AIM OF THE EXERCISE. Exact reproduction is required for the lines below starting at the line with "istock Blocks and" and ending at the line with "Whimsical Cat-Themed Holiday", both included. No other lines, and no pictures.

SUPPLIED ENTRIES.

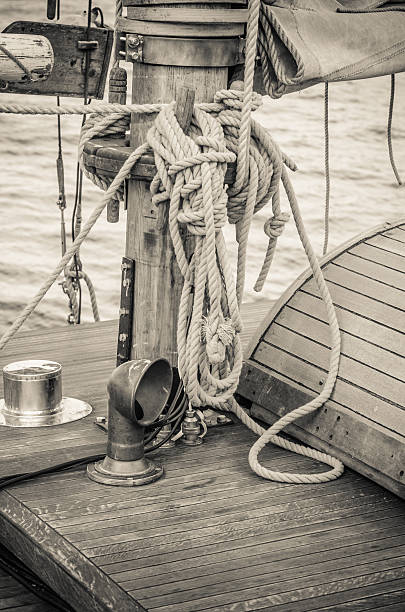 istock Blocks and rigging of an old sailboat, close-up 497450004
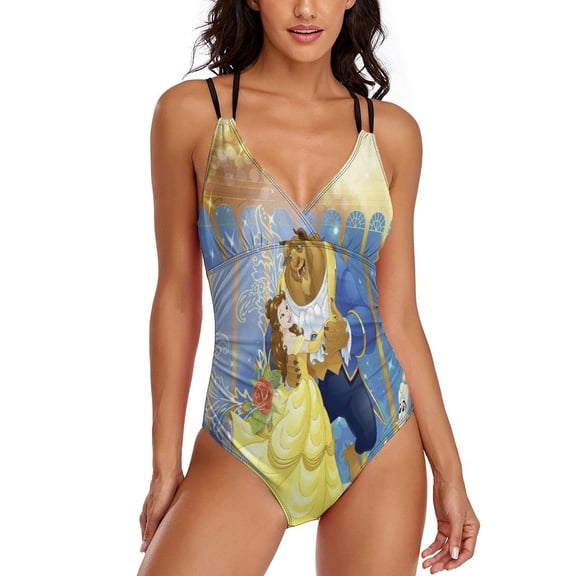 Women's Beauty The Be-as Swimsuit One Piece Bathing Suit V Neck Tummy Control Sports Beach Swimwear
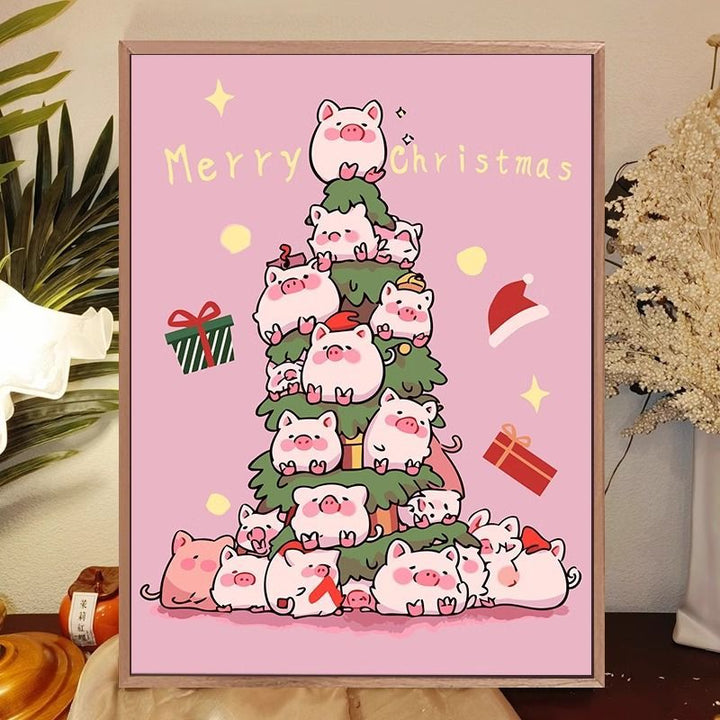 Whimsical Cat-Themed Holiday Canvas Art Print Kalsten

...

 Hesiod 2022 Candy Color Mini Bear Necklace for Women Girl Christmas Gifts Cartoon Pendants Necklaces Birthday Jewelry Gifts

OUTPUT.
 istock Blocks and rigging of an old sailboat, close-up 497450004
 Women's Beauty The Be-as Swimsuit One Piece Bathing Suit V Neck Tummy Control Sports Beach Swimwear
 Whimsical Cat-Themed Holiday Canvas Art Print Kalsten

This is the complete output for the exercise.